La deuxième partie intitulée renvoie ainsi chez la mère à son désir de lutter, de prendre conscience, de découvrir et de posséder le monde dans lequel elle vit. On remarque par exemple que la mère enterre certains objets. Cet acte est symbolique de la mise à mort de son passé de réclusion et de sa renaissance à une vie nouvelle. Cette curiosité au monde se répercute sur son fils Naguib, qu’elle déstabilise constamment avec ses questions incessantes. Chaque dimanche, elle organise des « déjeuners-débats » dans lesquels elle communique ses connaissances. Elle veut ainsi transmettre le désir d’émancipation à la population. Elle se heurte aux hommes qui sont réticents car beaucoup refusent que leur épouse en sache plus qu’eux. A la fin du roman, le père prend conscience de l’erreur économique et culturelle que constitue l’enfermement de la femme. La mère décide de partir en Occident, et son fils, Naguib, la rejoint clandestinement sur le bateau afin de partir avec elle.
- La langue du livre
La langue du livre renferme le lexique, les figures de style et la structure des phrases.
- Le lexique
Le champ lexical rencontré dans le roman se rapporte beaucoup au même thème de l’émancipation féminine. Le lexique utilisé par l’auteur est un lexique valorisant et concret.

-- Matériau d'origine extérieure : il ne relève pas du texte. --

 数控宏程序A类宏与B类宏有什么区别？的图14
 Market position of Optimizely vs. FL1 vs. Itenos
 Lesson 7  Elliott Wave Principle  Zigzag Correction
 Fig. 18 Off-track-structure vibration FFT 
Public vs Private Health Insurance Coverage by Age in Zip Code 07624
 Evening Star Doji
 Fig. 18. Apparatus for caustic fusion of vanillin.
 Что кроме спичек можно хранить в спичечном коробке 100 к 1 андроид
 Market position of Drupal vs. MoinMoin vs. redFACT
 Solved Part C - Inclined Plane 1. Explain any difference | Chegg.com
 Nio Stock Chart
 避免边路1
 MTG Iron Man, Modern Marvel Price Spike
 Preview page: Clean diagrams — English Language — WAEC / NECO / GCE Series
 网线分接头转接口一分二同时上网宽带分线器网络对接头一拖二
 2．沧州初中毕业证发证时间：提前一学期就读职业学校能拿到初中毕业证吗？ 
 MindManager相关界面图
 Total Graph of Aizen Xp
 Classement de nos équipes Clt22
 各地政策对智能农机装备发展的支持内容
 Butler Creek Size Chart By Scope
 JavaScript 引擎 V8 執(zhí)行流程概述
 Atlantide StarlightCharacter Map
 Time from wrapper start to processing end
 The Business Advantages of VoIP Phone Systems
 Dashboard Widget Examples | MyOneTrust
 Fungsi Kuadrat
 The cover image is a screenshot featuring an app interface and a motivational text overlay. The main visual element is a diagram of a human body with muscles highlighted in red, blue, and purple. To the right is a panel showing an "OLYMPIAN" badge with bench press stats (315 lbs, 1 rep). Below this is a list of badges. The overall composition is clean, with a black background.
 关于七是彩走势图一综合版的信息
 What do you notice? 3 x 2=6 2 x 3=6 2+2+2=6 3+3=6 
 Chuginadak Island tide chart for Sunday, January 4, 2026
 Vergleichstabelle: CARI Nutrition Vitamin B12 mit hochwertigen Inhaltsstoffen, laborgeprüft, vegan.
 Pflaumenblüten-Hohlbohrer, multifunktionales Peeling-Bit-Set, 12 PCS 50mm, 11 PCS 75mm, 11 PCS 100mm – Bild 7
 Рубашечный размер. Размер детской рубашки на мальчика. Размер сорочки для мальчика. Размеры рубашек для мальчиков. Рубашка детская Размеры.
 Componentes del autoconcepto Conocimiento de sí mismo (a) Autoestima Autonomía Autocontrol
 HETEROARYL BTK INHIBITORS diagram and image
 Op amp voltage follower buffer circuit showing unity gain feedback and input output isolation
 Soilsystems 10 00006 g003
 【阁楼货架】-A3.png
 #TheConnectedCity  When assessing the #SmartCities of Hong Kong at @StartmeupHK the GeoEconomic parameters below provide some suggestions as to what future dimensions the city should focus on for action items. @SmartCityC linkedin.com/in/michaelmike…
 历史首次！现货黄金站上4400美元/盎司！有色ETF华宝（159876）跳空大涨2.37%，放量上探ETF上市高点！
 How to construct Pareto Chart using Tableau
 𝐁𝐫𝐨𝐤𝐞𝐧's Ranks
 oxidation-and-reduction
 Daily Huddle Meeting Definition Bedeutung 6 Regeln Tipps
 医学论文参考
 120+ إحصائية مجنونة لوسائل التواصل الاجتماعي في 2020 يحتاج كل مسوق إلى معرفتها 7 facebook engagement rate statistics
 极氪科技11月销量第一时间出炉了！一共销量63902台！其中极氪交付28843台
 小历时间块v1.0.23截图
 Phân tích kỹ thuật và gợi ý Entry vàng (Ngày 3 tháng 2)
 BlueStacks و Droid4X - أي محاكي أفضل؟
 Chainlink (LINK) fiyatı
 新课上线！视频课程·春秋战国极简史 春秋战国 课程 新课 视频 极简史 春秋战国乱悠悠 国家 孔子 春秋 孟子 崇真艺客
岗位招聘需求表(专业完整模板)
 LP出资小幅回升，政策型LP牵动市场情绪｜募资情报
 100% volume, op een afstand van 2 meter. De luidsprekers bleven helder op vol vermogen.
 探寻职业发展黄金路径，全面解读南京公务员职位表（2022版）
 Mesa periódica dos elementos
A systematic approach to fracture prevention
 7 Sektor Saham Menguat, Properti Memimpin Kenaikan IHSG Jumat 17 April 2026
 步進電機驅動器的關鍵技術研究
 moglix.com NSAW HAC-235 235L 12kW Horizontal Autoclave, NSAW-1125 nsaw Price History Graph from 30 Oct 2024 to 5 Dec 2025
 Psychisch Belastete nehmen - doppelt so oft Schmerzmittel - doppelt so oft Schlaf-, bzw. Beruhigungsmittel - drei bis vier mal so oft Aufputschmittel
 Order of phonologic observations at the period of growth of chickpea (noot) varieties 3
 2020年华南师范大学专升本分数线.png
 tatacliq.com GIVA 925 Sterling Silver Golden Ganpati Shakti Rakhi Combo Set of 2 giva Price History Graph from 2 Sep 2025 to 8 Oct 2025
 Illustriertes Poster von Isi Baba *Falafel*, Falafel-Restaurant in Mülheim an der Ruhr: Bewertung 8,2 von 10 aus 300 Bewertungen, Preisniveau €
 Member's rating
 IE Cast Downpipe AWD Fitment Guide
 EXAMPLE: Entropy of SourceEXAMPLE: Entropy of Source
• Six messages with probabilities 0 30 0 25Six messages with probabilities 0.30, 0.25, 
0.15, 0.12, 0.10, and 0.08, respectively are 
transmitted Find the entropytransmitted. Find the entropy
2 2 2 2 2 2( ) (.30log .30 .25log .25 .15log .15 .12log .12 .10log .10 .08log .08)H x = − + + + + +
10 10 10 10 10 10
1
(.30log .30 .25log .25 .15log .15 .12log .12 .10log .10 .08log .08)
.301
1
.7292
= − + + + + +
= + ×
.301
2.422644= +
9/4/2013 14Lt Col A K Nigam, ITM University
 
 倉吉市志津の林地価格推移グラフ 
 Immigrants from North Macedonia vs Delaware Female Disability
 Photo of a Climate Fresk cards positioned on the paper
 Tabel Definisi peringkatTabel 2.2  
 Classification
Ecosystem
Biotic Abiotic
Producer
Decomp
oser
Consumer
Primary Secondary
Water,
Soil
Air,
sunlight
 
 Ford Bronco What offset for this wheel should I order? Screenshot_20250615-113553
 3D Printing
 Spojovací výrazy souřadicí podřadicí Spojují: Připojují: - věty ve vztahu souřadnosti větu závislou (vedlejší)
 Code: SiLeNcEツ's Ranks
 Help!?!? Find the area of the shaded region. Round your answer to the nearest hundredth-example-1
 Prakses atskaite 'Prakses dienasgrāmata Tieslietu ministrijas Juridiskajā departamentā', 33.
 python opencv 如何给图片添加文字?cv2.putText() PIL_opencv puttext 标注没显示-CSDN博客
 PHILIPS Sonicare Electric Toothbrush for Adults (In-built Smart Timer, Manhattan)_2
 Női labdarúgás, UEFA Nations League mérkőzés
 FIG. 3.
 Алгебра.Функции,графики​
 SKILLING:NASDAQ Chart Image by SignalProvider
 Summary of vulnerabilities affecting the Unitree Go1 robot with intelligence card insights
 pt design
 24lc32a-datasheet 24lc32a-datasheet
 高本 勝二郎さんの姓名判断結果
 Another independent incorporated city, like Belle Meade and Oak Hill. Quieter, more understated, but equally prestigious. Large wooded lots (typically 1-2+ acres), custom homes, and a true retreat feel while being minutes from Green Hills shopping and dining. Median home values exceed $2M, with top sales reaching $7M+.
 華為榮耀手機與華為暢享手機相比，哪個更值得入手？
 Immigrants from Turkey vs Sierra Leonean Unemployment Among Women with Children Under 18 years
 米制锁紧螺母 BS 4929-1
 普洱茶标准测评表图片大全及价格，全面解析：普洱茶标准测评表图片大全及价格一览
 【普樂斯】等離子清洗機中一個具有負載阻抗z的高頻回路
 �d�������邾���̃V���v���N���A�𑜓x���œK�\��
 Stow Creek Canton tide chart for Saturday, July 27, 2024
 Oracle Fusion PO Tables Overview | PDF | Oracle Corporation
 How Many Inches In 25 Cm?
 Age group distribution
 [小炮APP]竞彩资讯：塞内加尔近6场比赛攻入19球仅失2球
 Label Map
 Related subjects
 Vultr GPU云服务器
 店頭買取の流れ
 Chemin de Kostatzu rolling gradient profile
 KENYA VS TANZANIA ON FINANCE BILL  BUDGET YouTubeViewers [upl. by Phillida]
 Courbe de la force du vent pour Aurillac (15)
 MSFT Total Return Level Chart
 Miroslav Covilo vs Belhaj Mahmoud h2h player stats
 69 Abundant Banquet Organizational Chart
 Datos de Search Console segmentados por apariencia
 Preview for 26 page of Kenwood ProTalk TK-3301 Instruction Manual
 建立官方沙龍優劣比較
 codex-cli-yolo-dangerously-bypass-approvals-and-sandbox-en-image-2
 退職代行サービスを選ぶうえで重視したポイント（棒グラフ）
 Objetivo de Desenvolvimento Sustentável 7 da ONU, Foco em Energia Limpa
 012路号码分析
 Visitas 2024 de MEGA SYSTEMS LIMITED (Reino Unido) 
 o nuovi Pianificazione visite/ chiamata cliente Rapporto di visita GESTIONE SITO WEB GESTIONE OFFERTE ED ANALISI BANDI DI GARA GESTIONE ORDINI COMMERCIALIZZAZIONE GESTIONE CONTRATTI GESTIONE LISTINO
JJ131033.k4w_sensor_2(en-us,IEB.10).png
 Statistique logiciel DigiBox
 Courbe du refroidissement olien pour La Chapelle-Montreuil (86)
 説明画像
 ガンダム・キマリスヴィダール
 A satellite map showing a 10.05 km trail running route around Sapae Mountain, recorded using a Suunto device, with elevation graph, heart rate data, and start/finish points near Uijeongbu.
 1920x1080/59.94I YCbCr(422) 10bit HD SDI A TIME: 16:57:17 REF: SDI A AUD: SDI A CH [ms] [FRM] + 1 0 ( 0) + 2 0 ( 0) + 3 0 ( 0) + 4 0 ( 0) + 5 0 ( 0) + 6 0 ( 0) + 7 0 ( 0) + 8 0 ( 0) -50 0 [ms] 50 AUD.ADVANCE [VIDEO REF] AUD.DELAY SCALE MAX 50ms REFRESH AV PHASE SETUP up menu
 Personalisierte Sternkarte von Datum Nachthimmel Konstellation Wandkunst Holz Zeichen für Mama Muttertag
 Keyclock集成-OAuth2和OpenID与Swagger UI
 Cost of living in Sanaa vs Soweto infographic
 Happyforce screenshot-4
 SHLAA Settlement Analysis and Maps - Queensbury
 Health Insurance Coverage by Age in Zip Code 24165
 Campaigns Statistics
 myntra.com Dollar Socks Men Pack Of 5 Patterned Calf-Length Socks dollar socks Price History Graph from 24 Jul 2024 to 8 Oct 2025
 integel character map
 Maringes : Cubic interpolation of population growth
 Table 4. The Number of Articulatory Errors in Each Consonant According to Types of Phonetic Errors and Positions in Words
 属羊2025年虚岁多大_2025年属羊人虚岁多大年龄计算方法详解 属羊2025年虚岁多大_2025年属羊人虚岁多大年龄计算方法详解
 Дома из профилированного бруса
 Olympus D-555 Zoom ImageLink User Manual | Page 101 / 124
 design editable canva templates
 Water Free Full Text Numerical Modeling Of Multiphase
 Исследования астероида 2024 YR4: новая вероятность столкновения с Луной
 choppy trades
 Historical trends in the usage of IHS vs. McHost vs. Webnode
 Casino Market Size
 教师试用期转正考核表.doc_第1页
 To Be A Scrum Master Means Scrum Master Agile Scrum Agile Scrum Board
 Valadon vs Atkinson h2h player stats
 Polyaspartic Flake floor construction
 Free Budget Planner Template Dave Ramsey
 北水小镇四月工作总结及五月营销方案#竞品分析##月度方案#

Il faut par ailleurs mentionner que toute l’œuvre est pleine de situations aussi drôle les unes que les autres ce qui donne envie de découvrir et de lire ce magnifique roman. Mais avant d’entamer une lecture du livre, des questions fondamentales relatives au vocabulaire de l’auteur se posent: Le vocabulaire est-il facile ou difficile ?, en d’autres termes, est-il accessible à tous lecteur et peut-il être conseillé à tous les âges ?. Force est de constater que l’auteur a usé des trois registres de langue connus. Pour exprimer des faits historique, ou artistique, il a utilisé le niveau de langue soutenu. Mais il a également utilisé le registre courant pour éviter le lexique vulgaire trop spécialisé ou trop littéraire. Enfin il use aussi du langage familier car dans ces cas, l’auteur a pour but d’informer sans autre effet si bien que plus son langage est simple et mieux il atteint son but.
- Les figures de style
Ce roman emprunte à la tradition marocaine une forme proche du conte, jouant sur tous les registres de l’oralité, jusqu’à inclure une saynète (pp. 115-123). L’usage de la métaphore et de la comparaison y confinent à la virtuosité et il arrive qu’une métaphore se substitue à l’objet représenté, par exemple à la page 128, la voix du père est « comme la voix du caoutchouc », et à la page suivante, « Le caoutchouc s’était transformé en gomme arabique ». La figure de style métaphorique est ainsi présente également à la page 132 « C’est ce qu’elle a dit de cette voix-là montante comme une marée d’équinoxe venue du fond de la mer avec tout le poids d’une vieille, d’une très vieille patience. (…) Elle a encore haussé le ton jusqu’à se briser la voix et briser son océan contre ce rocher qui s’appelait son époux. » L’auteur file la métaphore de l’océan pour évoquer la révolte de la mère contre sa condition d’épouse soumise. En effet l’océan connote la force, l’étendue, le déchaînement, la liberté. De ce fait le père est associé par cette métaphore à un « rocher » ce qui renvoie à l’immobilisme et à la dureté.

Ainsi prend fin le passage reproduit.